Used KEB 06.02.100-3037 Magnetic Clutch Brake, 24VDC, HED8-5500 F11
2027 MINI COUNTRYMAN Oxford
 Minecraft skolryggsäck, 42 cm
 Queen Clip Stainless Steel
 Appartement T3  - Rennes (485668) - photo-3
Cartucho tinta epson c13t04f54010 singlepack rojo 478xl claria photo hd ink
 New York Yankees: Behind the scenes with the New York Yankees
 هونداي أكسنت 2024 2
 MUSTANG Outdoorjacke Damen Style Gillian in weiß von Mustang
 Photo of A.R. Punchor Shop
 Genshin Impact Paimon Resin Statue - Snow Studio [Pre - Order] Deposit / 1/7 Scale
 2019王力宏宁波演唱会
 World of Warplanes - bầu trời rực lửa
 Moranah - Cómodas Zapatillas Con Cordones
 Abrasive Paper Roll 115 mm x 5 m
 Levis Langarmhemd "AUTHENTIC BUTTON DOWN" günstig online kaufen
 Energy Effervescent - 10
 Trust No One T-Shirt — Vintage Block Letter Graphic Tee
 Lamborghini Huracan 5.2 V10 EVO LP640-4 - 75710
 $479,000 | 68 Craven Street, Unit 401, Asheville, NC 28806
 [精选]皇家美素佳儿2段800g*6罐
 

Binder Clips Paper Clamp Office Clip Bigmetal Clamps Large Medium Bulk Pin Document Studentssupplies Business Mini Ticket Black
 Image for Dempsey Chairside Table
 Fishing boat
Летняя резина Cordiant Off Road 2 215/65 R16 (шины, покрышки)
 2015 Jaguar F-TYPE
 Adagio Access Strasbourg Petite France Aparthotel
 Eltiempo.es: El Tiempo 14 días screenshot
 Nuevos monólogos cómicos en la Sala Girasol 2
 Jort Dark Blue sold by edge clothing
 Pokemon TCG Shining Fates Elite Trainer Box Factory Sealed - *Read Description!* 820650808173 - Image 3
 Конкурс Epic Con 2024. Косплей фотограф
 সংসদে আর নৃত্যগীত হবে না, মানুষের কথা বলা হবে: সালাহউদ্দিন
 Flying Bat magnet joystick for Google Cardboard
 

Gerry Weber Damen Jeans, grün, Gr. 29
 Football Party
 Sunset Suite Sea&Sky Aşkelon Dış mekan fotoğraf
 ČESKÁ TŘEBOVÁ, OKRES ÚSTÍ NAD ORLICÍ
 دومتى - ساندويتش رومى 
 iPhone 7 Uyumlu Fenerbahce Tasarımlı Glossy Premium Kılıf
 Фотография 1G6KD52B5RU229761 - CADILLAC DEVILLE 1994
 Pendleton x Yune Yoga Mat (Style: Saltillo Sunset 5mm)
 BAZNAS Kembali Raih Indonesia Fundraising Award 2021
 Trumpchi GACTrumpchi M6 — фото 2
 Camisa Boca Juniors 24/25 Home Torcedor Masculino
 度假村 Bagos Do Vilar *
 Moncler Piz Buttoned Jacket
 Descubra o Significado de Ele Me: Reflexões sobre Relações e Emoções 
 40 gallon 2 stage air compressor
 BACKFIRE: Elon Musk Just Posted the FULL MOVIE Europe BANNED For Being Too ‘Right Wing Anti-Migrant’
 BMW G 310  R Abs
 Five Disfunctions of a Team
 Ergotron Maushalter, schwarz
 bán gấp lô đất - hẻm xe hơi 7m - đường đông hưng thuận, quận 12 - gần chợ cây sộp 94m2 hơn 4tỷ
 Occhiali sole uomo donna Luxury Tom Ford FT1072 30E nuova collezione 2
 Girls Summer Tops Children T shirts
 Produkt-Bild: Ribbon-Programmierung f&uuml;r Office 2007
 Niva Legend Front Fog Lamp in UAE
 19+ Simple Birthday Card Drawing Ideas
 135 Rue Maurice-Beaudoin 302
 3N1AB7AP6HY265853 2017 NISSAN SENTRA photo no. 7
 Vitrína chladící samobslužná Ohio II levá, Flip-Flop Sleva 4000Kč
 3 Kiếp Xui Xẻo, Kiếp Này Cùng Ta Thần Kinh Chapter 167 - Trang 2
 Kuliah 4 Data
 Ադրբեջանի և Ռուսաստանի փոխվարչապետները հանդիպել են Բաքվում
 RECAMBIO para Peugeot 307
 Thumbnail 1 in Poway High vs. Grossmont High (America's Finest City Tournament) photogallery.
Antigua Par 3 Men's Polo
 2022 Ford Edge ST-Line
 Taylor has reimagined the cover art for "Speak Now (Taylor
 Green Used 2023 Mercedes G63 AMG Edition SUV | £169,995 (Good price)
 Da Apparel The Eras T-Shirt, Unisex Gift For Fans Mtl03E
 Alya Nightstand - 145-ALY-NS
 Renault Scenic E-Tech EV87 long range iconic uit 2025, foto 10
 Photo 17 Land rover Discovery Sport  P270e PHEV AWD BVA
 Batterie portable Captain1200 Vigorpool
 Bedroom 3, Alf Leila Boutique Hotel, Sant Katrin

--------------------

### Your assignment
Each line in the listing above from the one containing "bán gấp lô đất" through the one containing "Green Used 2023" should be repeated exactly, and no other line.

### Written reply
 bán gấp lô đất - hẻm xe hơi 7m - đường đông hưng thuận, quận 12 - gần chợ cây sộp 94m2 hơn 4tỷ
 Occhiali sole uomo donna Luxury Tom Ford FT1072 30E nuova collezione 2
 Girls Summer Tops Children T shirts
 Produkt-Bild: Ribbon-Programmierung f&uuml;r Office 2007
 Niva Legend Front Fog Lamp in UAE
 19+ Simple Birthday Card Drawing Ideas
 135 Rue Maurice-Beaudoin 302
 3N1AB7AP6HY265853 2017 NISSAN SENTRA photo no. 7
 Vitrína chladící samobslužná Ohio II levá, Flip-Flop Sleva 4000Kč
 3 Kiếp Xui Xẻo, Kiếp Này Cùng Ta Thần Kinh Chapter 167 - Trang 2
 Kuliah 4 Data
 Ադրբեջանի և Ռուսաստանի փոխվարչապետները հանդիպել են Բաքվում
 RECAMBIO para Peugeot 307
 Thumbnail 1 in Poway High vs. Grossmont High (America's Finest City Tournament) photogallery.
Antigua Par 3 Men's Polo
 2022 Ford Edge ST-Line
 Taylor has reimagined the cover art for "Speak Now (Taylor
 Green Used 2023 Mercedes G63 AMG Edition SUV | £169,995 (Good price)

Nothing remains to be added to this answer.